== Data extract ==
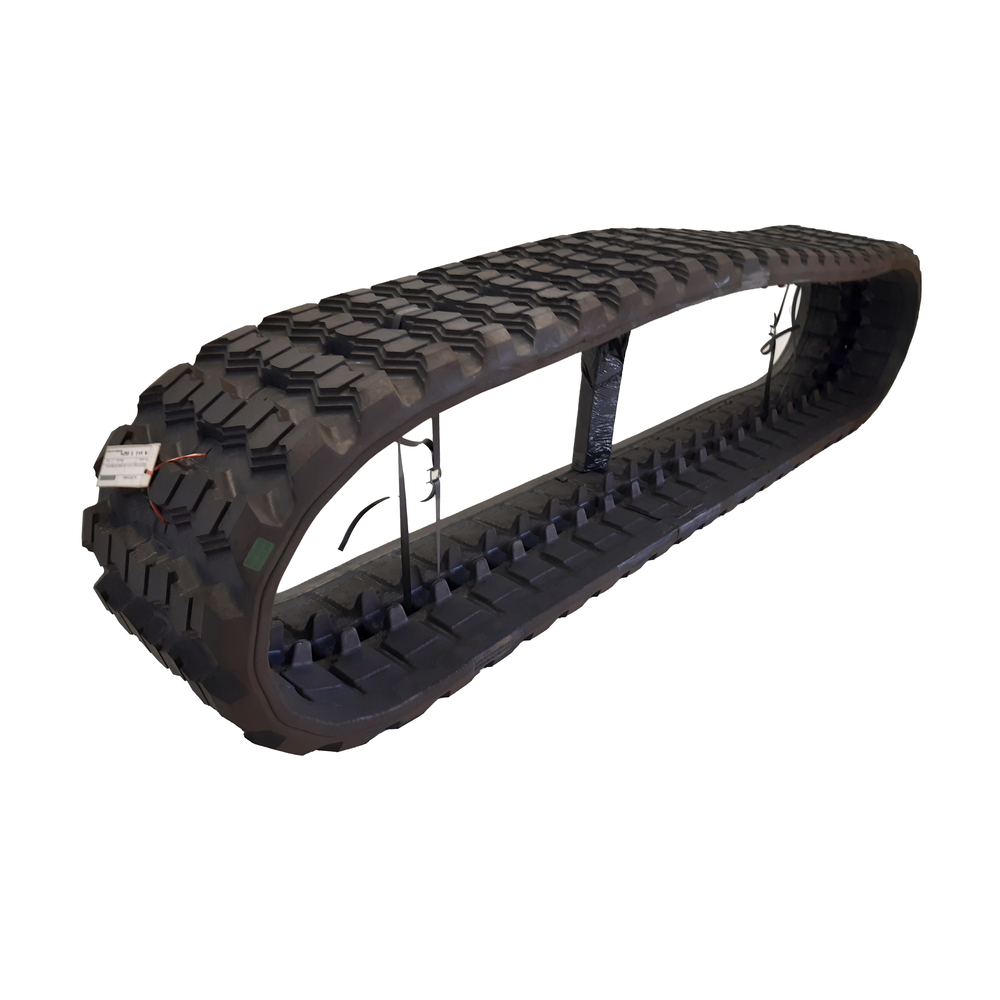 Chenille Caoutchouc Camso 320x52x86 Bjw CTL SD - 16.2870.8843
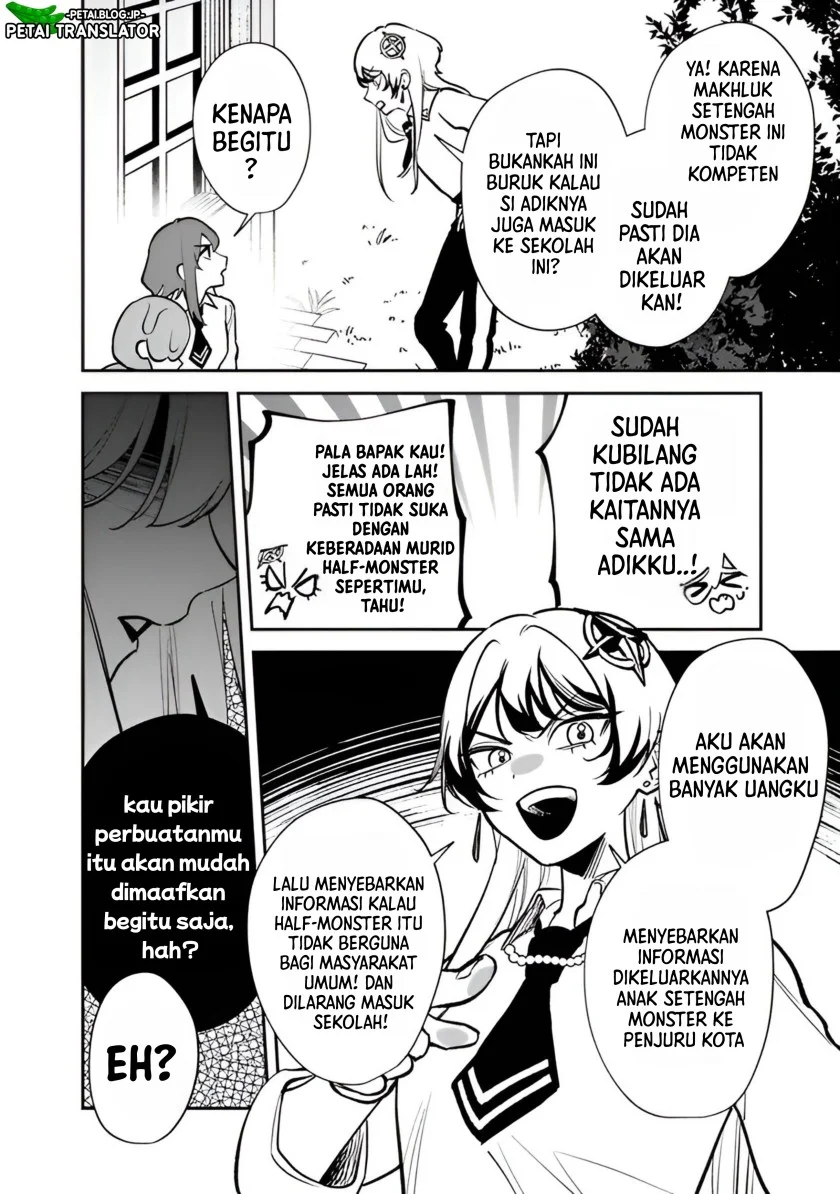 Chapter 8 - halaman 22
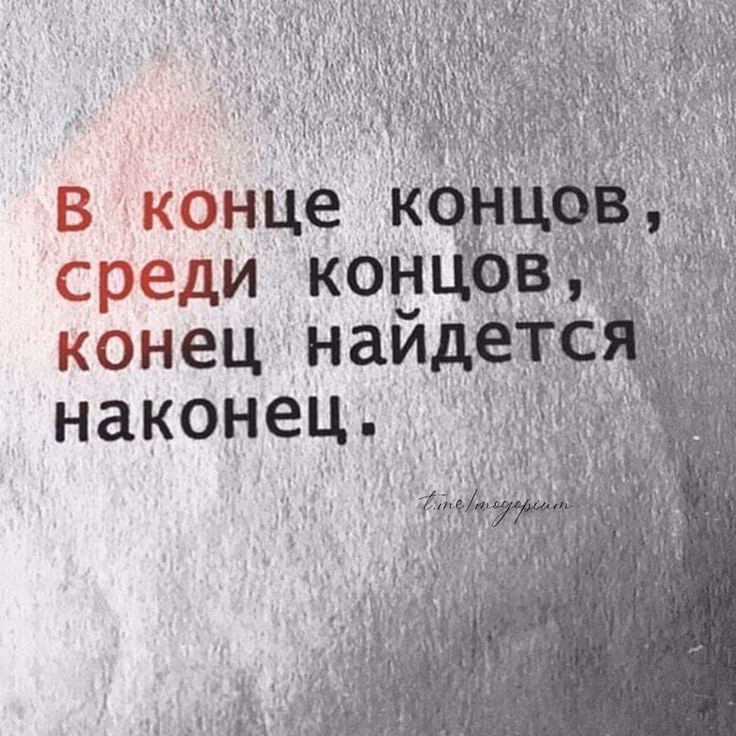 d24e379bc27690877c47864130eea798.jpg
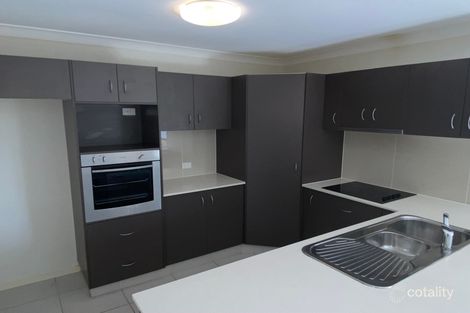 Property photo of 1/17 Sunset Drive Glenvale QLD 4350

== Task brief ==
Print out the complete listing above exactly, dropping each image.

== Final answer ==
 Chenille Caoutchouc Camso 320x52x86 Bjw CTL SD - 16.2870.8843
 Chapter 8 - halaman 22
 d24e379bc27690877c47864130eea798.jpg
 Property photo of 1/17 Sunset Drive Glenvale QLD 4350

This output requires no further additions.